We asked repeatedly for true estimates of the costs of Canada’s largest procurement decision, the purchase of the F-35 fighter aircraft. Marc Garneau and Dominic LeBlanc, our caucus critics, dug into American congressional reports on cost overruns and asked, over and over, when the government would tell Canadians what each plane would cost. There was never an honest reply, and in their failure to give us one they proved the plane was a bad buy for our country. Mark Holland, another caucus critic, pressed the government to explain why the cost of security at a global summit in Toronto of G8 and G20 leaders in 2010 had run to more than a billion dollars. Ironically, this was the summit where world leaders unwound their stimulus packages and where Mr. Harper led the chorus calling on Western publics
to embrace the new politics of fiscal austerity.

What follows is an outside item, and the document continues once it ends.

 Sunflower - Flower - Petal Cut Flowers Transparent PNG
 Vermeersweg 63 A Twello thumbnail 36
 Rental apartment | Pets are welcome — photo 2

It was also a summit in which his government was guilty of unconscionable waste of public money as well as a security operation that violated the basic civil liberties of Canadian protesters. We uncovered millions of dollars of taxpayers’ money wasted in the G20 expenditure, some of it sprayed into Conservative ridings so far away from the summit that it had no conceivable justification. Gerard Kennedy, another of our critics, laid bare how the money from the stimulus budget we had voted in 2009 was shovelled into Conservative ridings, once again for purely partisan political purposes. In other words, we did our jobs as an opposition and the government’s sole response was delay, denial and dissimulation. Democracy can’t function if the prime minister and the government withhold critical information about expenditures from Parliament. Eventually, the Speaker of the House of Commons ruled the government in contempt for failing to deliver documents relating to G20 expenditure.
2
The Conservatives’ contempt citation was unprecedented in the history of Canadian parliamentary government.

We waged a similar struggle to force the government to release information relating to the transfer of detainees by Canadian forces to the Afghan security and intelligence services. Our Afghan allies were notorious for torturing prisoners. Knowingly transferring detainees to torture is a violation of the Geneva Conventions. For months Ujjal Dosanjh, Bob Rae and I pressed the government to enforce detainee transfer agreements to preserve the honour of our soldiers and the safety of detainees. The government concocted dubious arguments from national security to deny us any access to the documents we needed, and when we offered compromises, they concocted new fables. On this issue too, the Speaker, Peter Milliken, eventually ruled in our favour and found the government in contempt, forcing it to deliver papers to a special parliamentary committee.